Various location tracking sensors; such as GPS, INS, radar, and optical equipment; are used for tracking moving targets. In order to effectively track moving targets, it is necessary to develop an effective fusion method for these heterogeneous devices. There have been studies in which the estimated values of each sensors were regarded as different models and fused together, considering the different error characteristics of the sensors for the improvement of tracking performance using heterogeneous multi-sensor. However, the rate of errors for the estimated values of other sensors has increased, in that there has been a sharp increase in sensor errors and the attempts to change the estimated sensor values for the Sensor Probability could not be applied in real time.
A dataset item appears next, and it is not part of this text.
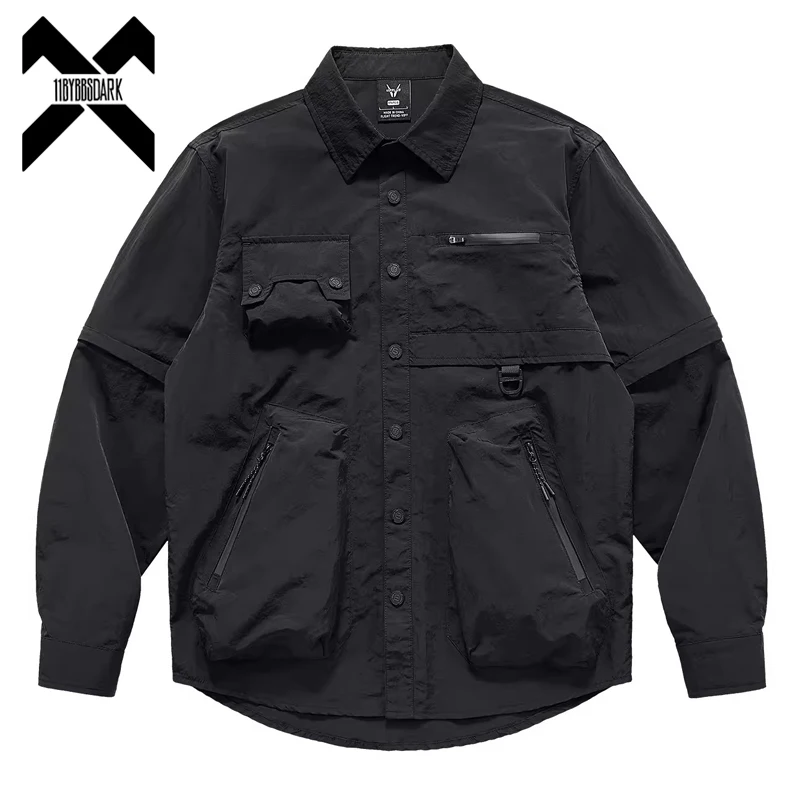 Hip Hop Function Shirt Men 2023 Long Sleeve Multiple Pockets Tactical Shirts Coat Harajuku Cargo Shirts Black Tops Techwear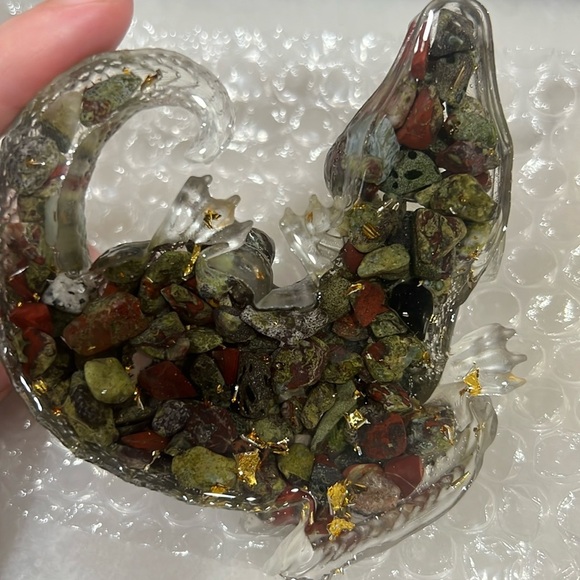 Dragon Bloodstone Gemstone and Gold Flake Dragon Resin Figurine - Picture 6 of 7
In this study, the Sensor Probability is obtained by comparing the RMSE (Root Mean Square Error) for the difference between the updated and measured values of the Kalman filter for each sensor. The process of substituting the new combined values for the Kalman filter input values for each sensor is excluded. There are improvements in both the real-time application of estimated sensor values, and the tracking performance for the areas in which the sensor performance has rapidly decreased. The proposed algorithm adds the error characteristic of each sensor as a conditional probability value, and ensures greater accuracy by performing the track fusion with the sensors with the most reliable performance. The trajectory of a UAV is generated in an experiment and a performance analysis is conducted with other fusion algorithms.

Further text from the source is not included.